Monday, February 5, 2007

Prince: Relic

"I hear the distant echo of an electronic drum set... "


In the middle of a somewhat bizarre Super Bowl (such sloppiness! So many turnovers!), viewers were treated to a fully bizarre sight in the form of that '80s holdover, the formerly nameless one, the purple one himself, Prince. Kelefa, of course, already beat me to this ...

For my age group, the decade in which we were born is pretty well summed up by leg warmers, Cyndi Lauper, Jacko and Prince. For whatever reason, some peiple still like leg warmers (and Cyndi Lauper, for that matter). Michael Jackson is of course a full-out laughinstock for ... well, we all know why; but his best music remains iconic and enjoyed. You can't help but smile when that opening chords of "ABC" start clanging out. Your feet move automatically to that snaky, tricky bassline on "Billie Jean." And I saw a whole crowd of people dancing to "Thriller"--zombie moves and all--last night, so that's obvi got some staying power.

But Prince is another matter. With the exception of the inimitable Teague Allston, my roommate last year and the owner of a copy of Purple Rain, no one I know is into Prince; it seems he just hasn't transferred well over the years, and when I read the likes of Greg Tate and Miles Davis talking about his genius and influence at one time, I'm incredulous. That's all well and good, but not really the point of this post, or the reason why I say that Prince is a relic.

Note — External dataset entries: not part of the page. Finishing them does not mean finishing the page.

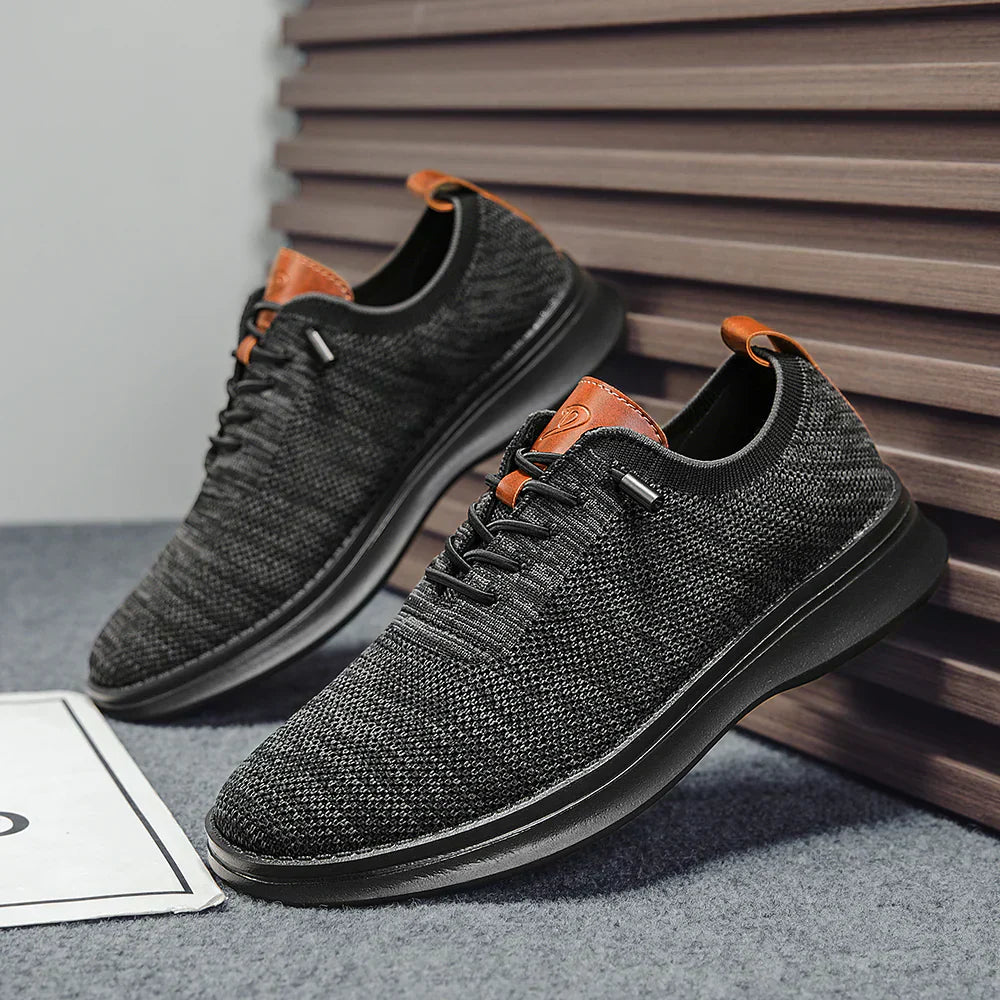 Braxen™ – Lightweight, breathable mesh sneakers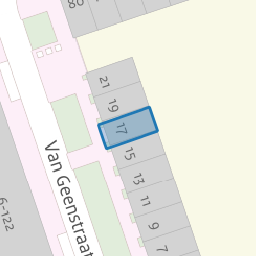 Perceel GVH13-U-4283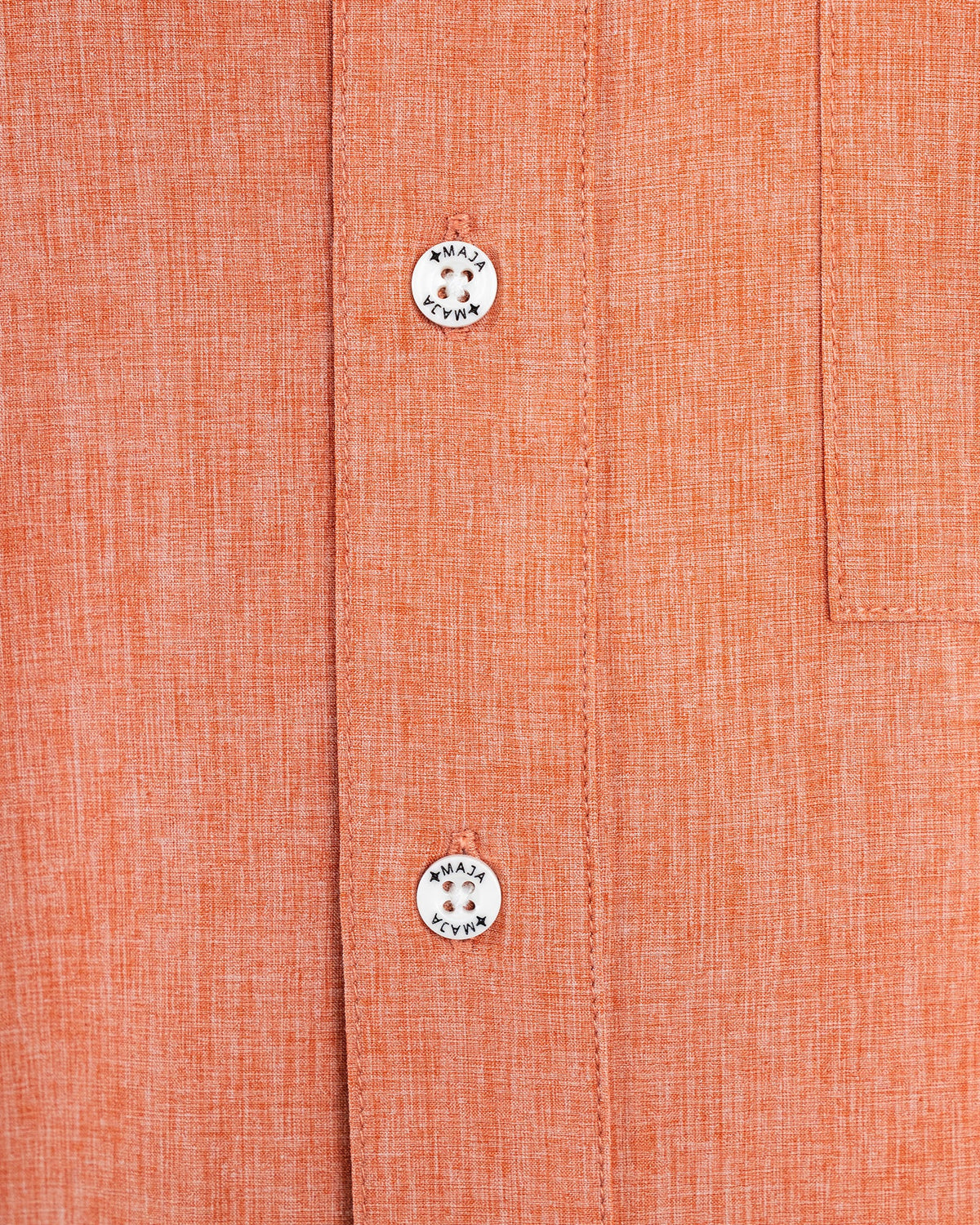 MAJA Paz Casual Shirt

On that absurd symbol-shaped stage tonight, Prince played a Telecaster (a nice one!), some kinda Stratocaster (above) and naturally that absurd guitar shaped like The Symbol, an axe that looks really uncomfortable to play for my tastes. Virginia Heffernan, in a Times blog, wrote, "Also, why is he EVER left out when people talk about African-Americans who play electric guitar? Never again." Well, yes, that's a good point. Maybe it has something to do with the fact that he plays corny-ass eighties riffs ... whoops, sorry. The point is that Prince might be the last great guitar-playing star. There are huge guitarists today (most of whom I dislike)--Mark Tremonti of Creed, or Tom Morello of RATM and Audioslave, and so on and so forth--but they have a defined role inside the band. Less offensively, we see the same thing with Johnny Greenwood in Radiohead. The result is the same: the (technically) best players in rock music don't front their own bands.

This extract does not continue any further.